→ **TASK TO COMPLETE**
For the material below, reproduce exactly each line from the one that has "Farbige Eclairs Traditionelles" through the one that has "Exterior view of", and no others; pictures stay out.

→ **SUPPLIED ENTRIES**
= = = =

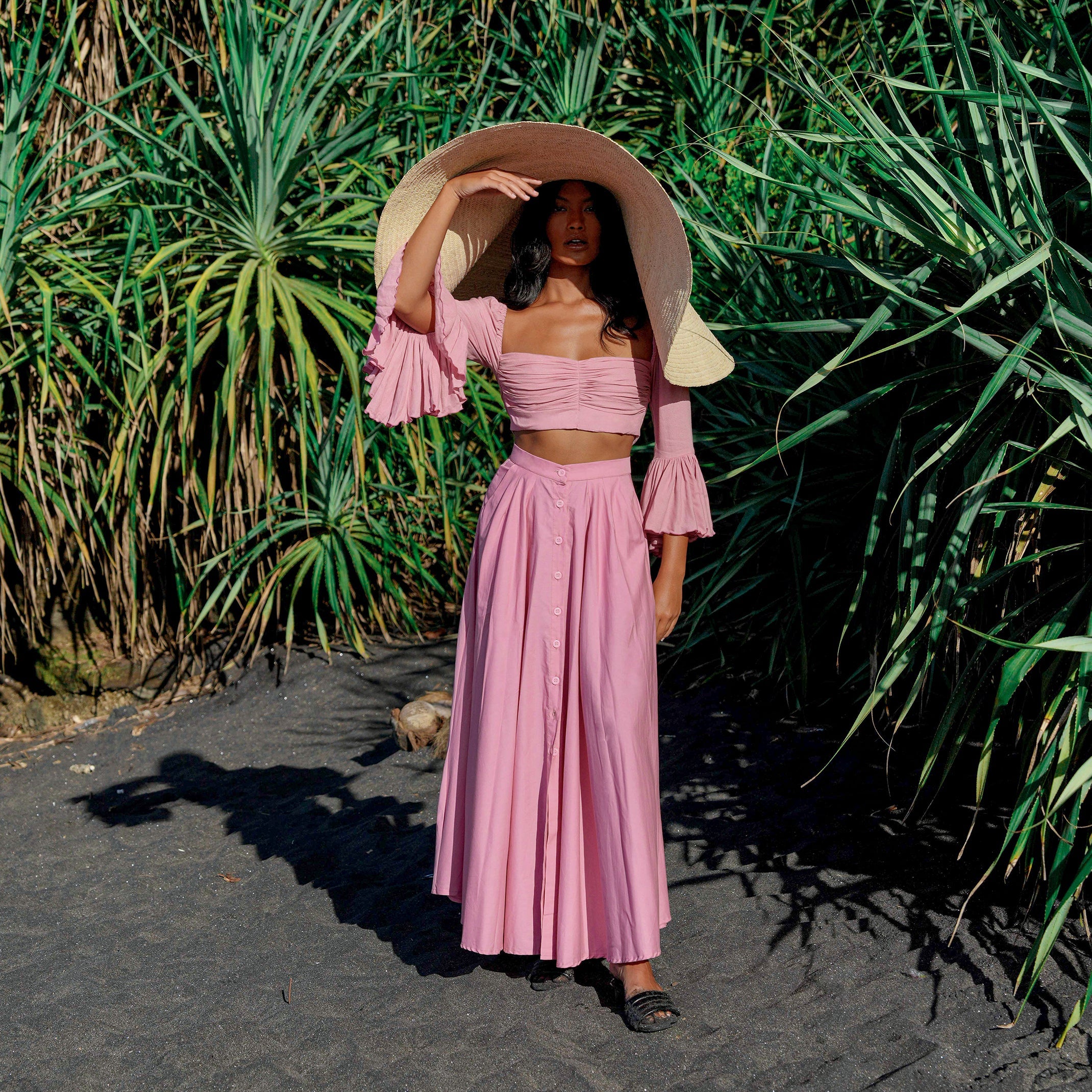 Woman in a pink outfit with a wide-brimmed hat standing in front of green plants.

= = = =

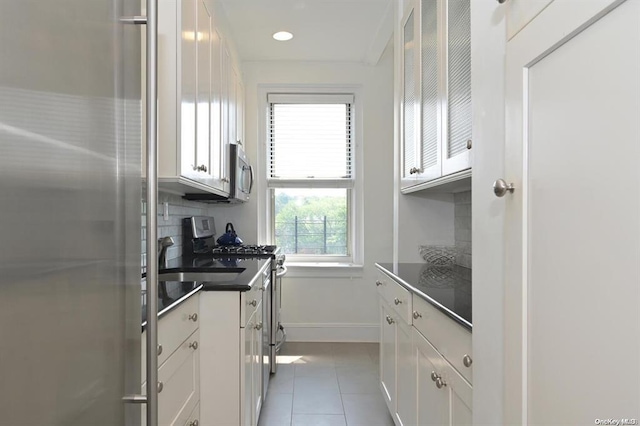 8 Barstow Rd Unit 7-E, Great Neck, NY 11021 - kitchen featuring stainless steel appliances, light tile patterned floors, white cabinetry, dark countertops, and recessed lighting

= = = =

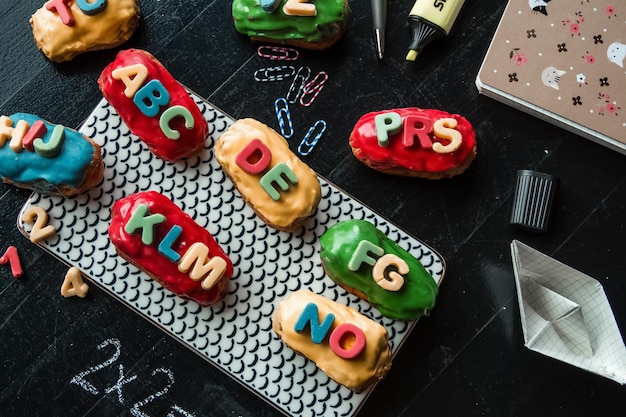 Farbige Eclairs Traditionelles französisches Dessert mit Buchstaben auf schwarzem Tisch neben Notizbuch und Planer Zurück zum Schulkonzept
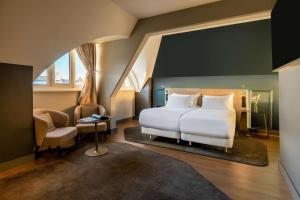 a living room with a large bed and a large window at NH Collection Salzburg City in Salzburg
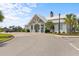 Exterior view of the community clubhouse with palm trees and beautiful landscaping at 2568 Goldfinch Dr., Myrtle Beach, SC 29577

= = = =

→ **THE ANSWER**
 Farbige Eclairs Traditionelles französisches Dessert mit Buchstaben auf schwarzem Tisch neben Notizbuch und Planer Zurück zum Schulkonzept
 a living room with a large bed and a large window at NH Collection Salzburg City in Salzburg
 Exterior view of the community clubhouse with palm trees and beautiful landscaping at 2568 Goldfinch Dr., Myrtle Beach, SC 29577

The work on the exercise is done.